The AI software market is moving beyond assisted features toward agentic platforms. According to Ema.ai, AI SaaS is projected to grow from $71.5 billion in 2023 to $775 billion by 2031. That scale means almost every enterprise software purchase will soon carry an AI component. The question for buyers is no longer whether to adopt AI SaaS, but how to evaluate it.

Assisted versus agentic

AI-assisted software embeds intelligence into existing workflows: auto-completion, summarisation, recommendations. Agentic platforms go further. They pursue goals across multiple steps, interact with other systems and take action with limited human intervention.

The distinction matters because the risks and integration requirements are different. An assisted feature that gets a recommendation wrong is usually harmless. An agent that executes a procurement decision or customer refund incorrectly can create real damage.

A framework for evaluation

When evaluating AI SaaS, we suggest focusing on five areas.

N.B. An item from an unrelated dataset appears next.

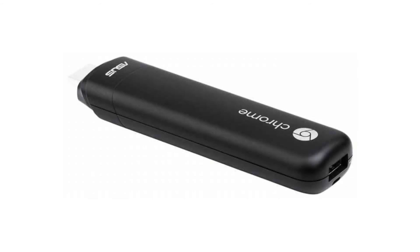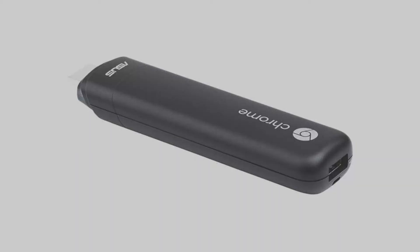It costs $84.99 on Amazon, but of course that is subject to change. If you want to buy this Chromebit, then please click on the link in the video description. Thank you for your time.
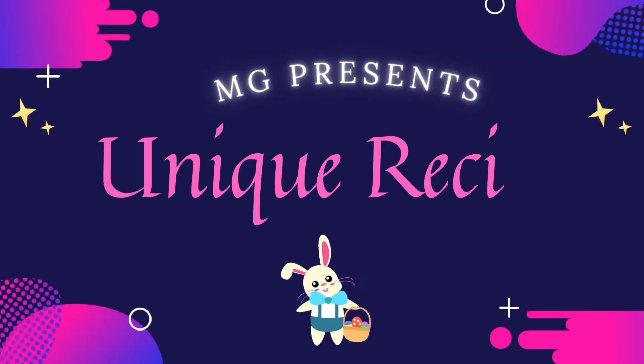Welcome to unique recipes presented by MG. For complete details, please watch till the end.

First, integration depth. Does the product connect to the systems where work actually happens, or does it require users to change behaviour? Second, observability. Can you see what the AI did, why it did it and what data it used? Third, control. Can you define boundaries, require human approval for consequential actions and roll back mistakes? Fourth, data handling. Where does your data go, how is it used and what are the exit terms? Fifth, outcome evidence. Does the vendor have credible case studies with measurable results in environments like yours?

Build versus buy

For most organisations, buying AI SaaS will be the right choice for standard capabilities. Building makes sense only when the use case is genuinely proprietary, when data sensitivity prevents third-party processing, or when the capability is central to competitive advantage.

Even when buying, some internal capability is needed. You still need people who understand the technology, can negotiate contracts, manage implementation and govern use. AI SaaS does not remove the need for technology leadership; it changes where that leadership is applied.

A fractional CTO or AI operating lead can provide this oversight without requiring a permanent hire. They help set evaluation criteria, challenge vendor claims and ensure that bought-in AI fits the wider technology architecture.

The bottom line

The growth of AI SaaS is an opportunity to move faster, but only for buyers who evaluate products with the same rigour they apply to any other enterprise system.